Smithtown and Suffolk County require approval from the state to turn parkland located on the property of Smithtown’s Department of Parks building, located at 110 E. Main St. in Kings Park, into a sewage pump station. While the state Senate previously granted its permission, the state Assembly took issue with the town’s request.

“The Assembly takes the alienation of parkland very seriously, there must be an equal or greater amount of land that is sterilized,” Assemblyman Michael Fitzpatrick (R-St. James) said. “There is never a net loss of parkland.”

The Assembly has requested three changes in order for the process to move forward, according to Wehrheim. The first requirement was to permanently preserve an additional 7,000 square feet of open space in exchange for constructing the pump station and to provide an aerial overview of the property to see the layout. Minor wording changes to the legislation were also requested.

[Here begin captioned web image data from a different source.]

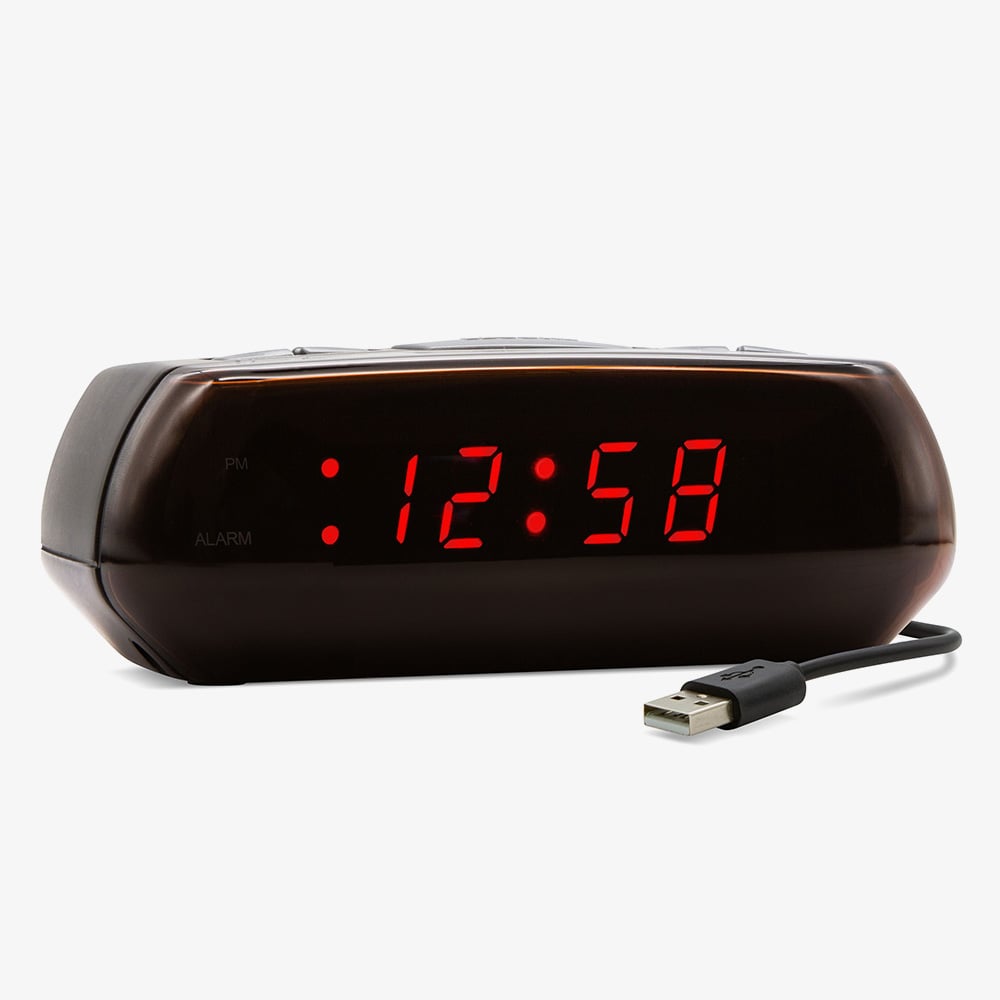 Acctim Miramar Black USB Digital Alarm Clock 16413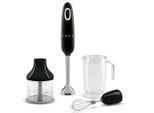 Smeg Stabmixer 50´s Style, Schwarz, Metall, 6.5x41.4x6.5 cm, Küchengeräte, Mixer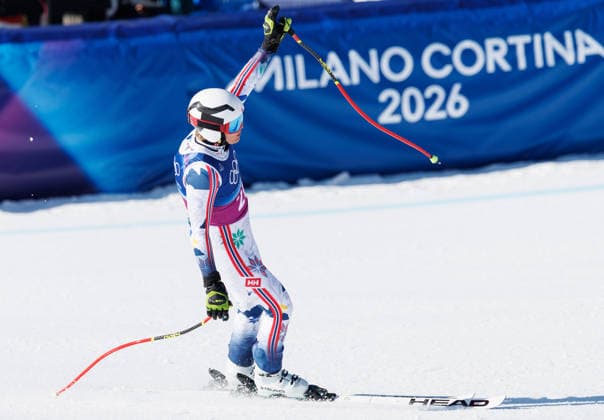 OLYMPICS - Winter Olympic Games, Olympische Spiele, Olympia, OS Milano Cortina 2026 BORMIO,ITALY,09.FEB.26 - OLYMPICS, ALPINE SKIING - Winter Olympic Games Milano Cortina 2026, team combined, downhill, men. Image shows Simen Sellaeg (NOR).  GEPAxpictures xHaraldxSteiner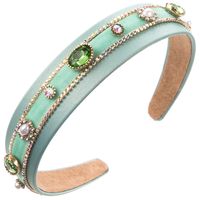 Women's Casual Modern Style Classic Style Geometric Alloy Cloth Inlay Artificial Pearls Rhinestones Hair Band sku image 1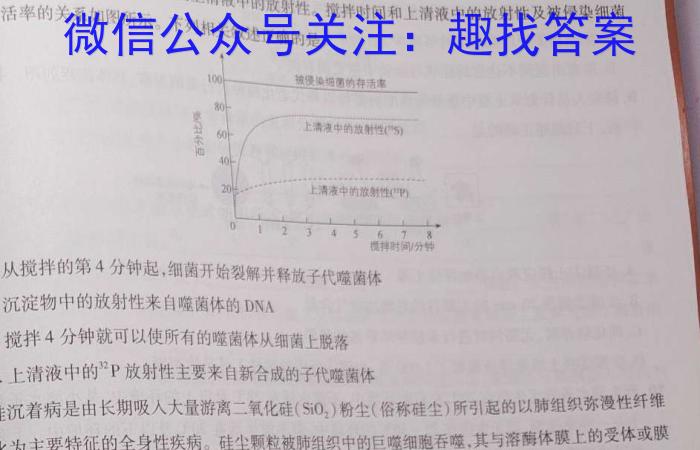 2023年安徽省名校联盟高三4月联考生物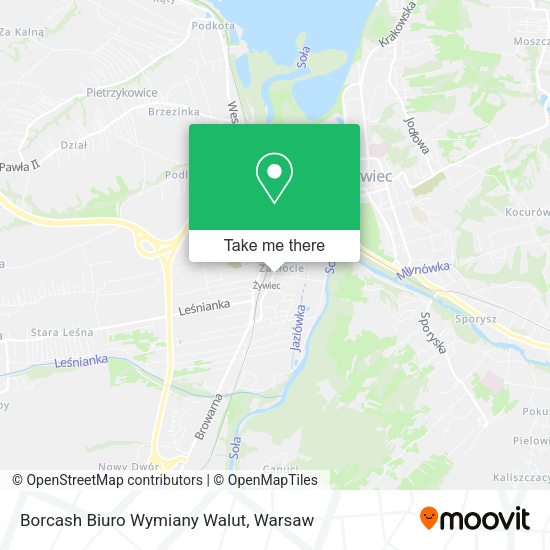 Borcash Biuro Wymiany Walut map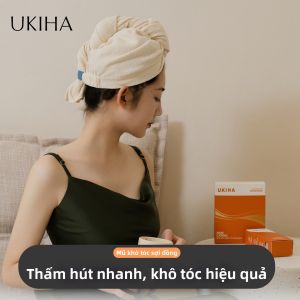 UKIHA | Copper Fiber Super Absorbent Quick-Dry Hair Drying Cap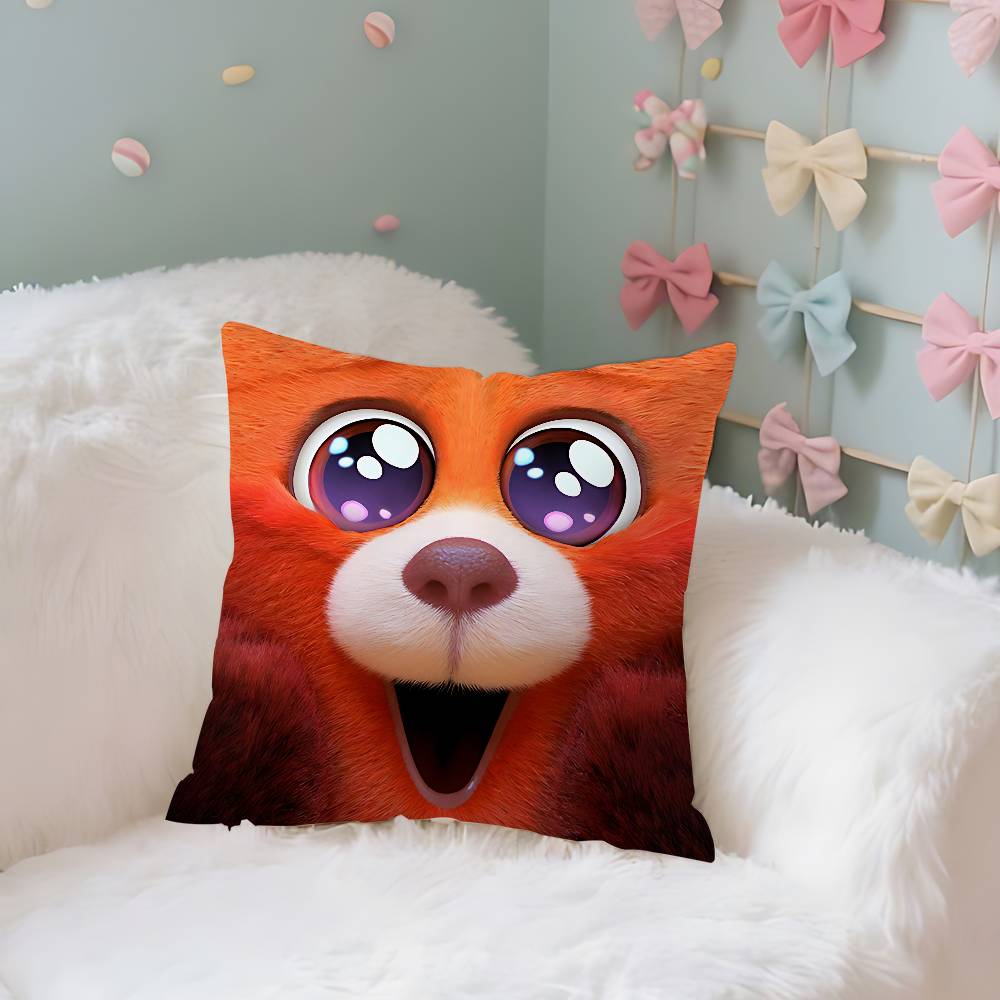 W-Turnings-Reds Bear Case Plush Fabric Soft Pillowcase Double Sided Print Cushion Cover Household Gifts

“[The Assembly] wanted some additional data to make sure everything passes muster,” Fitzpatrick said.

The Suffolk County Legislature must take up the same amended home rule bill, pass it and send it back to the state legislature for approval as well, according to the assemblyman, for the project to move forward.

Wehrheim said he will be watching and waiting to make sure the alienation bill passes, while the project has funding from the state. New York Gov. Andrew Cuomo (D) has earmarked $20 million for sewering of the Kings Park business district in the 2018 state budget, but it is not in the town’s hands yet.

“We haven’t been notified by anyone or assured that the money will stay there until we are ready to do the project,” the supervisor said. “We are methodically pursuing it.”

The governor has made a commitment to Smithtown and Kings Park. I think we will continue to keep it.”
– Michael Fitzpatrick

Fitzpatrick said home rule requests, such as Smithtown’s to use parkland for the public purpose of creating a pump station to install sewer lines, are usually handled at the very end of a legislative session.

“I have every confidence on the Assembly side that we will get this done,” Fitzpatrick said. “The governor has made a commitment to Smithtown and Kings Park. I think we will continue to keep it.”

The amended bill must also be reapproved by the state Senate, which passed the prior version in May, but has been deadlocked in recent days.

“Once the home rule messages are adopted and filed by the town and county, the Senate has every intention of passing the bill again,” said the office of state Sen. John Flanagan (R-East Northport) in a statement.

The supervisor said the final draft of the Kings Park market analysis study to revitalize the area — in which sewers are noted to play a critical role — is expected to be finished shortly and presented to the public. The study, which cost $200,000 and was paid for by county taxpayers, could become outdated, according to Wehrheim, if the project gets delayed because the state approval isn’t granted this year.

“I understand the town supervisor is worried about getting this done,” Fitzpatrick said. “But it ain’t over till it’s over, and it ain’t over until June 20.”